Available data:
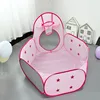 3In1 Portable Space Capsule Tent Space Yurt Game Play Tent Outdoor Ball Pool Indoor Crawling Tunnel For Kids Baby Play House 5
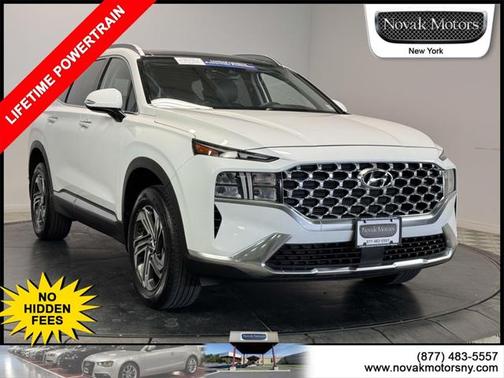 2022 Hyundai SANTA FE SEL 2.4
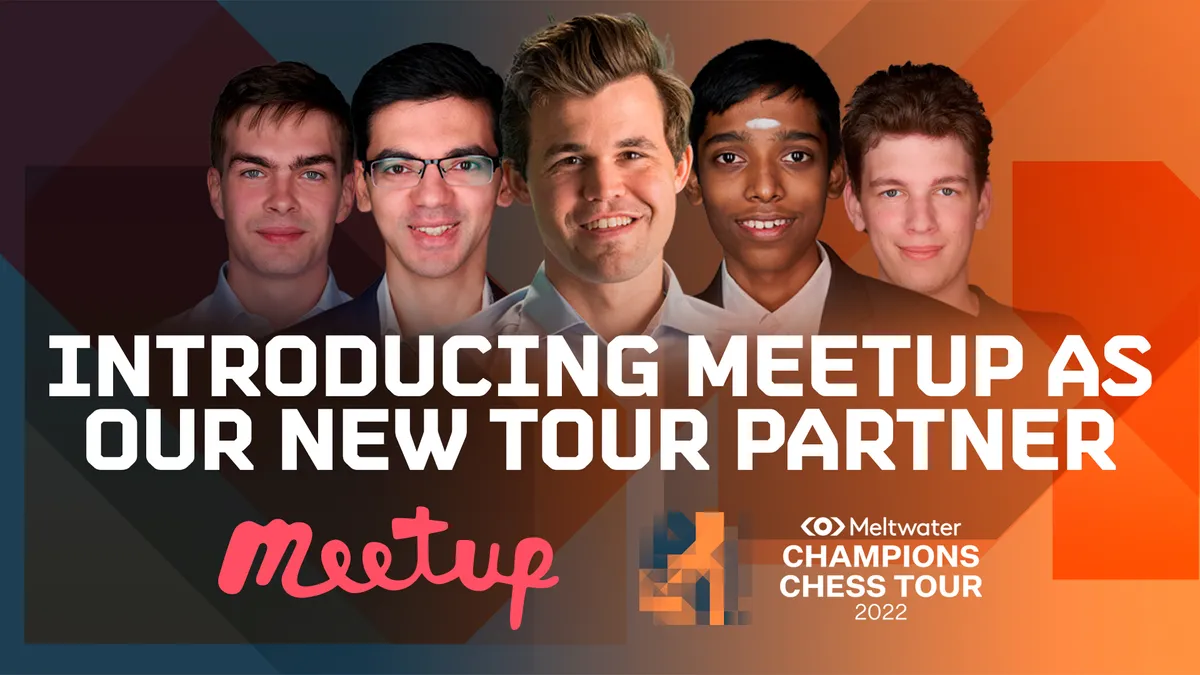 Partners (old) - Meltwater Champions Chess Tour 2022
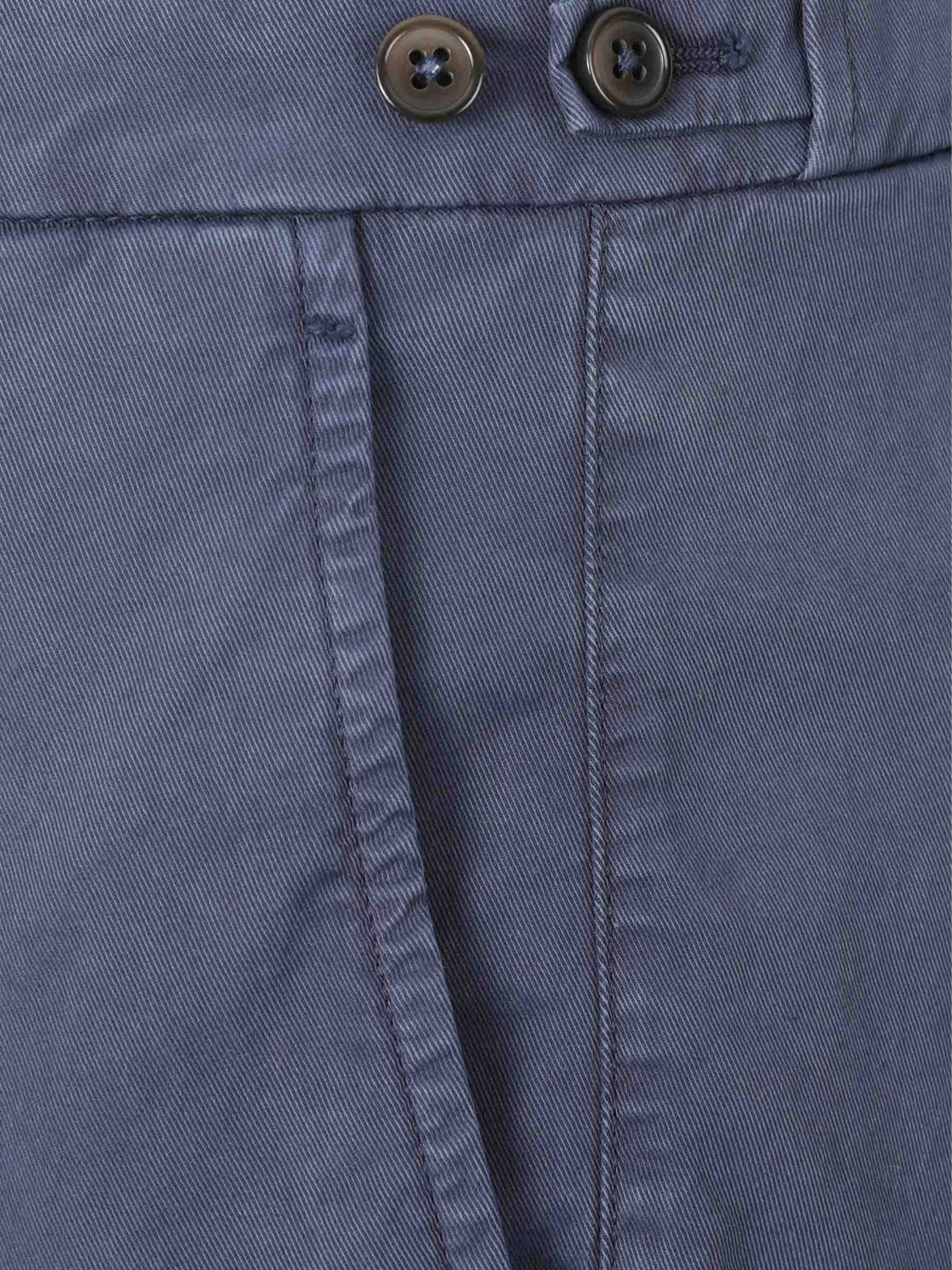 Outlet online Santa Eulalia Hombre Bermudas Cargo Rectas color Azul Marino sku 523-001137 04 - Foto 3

What the task requires: From the line that contains "Partners (old) - Meltwater" to the final line of the material, write out each line exactly. Pictures stay out.

Result of this task:
 Partners (old) - Meltwater Champions Chess Tour 2022
 Outlet online Santa Eulalia Hombre Bermudas Cargo Rectas color Azul Marino sku 523-001137 04 - Foto 3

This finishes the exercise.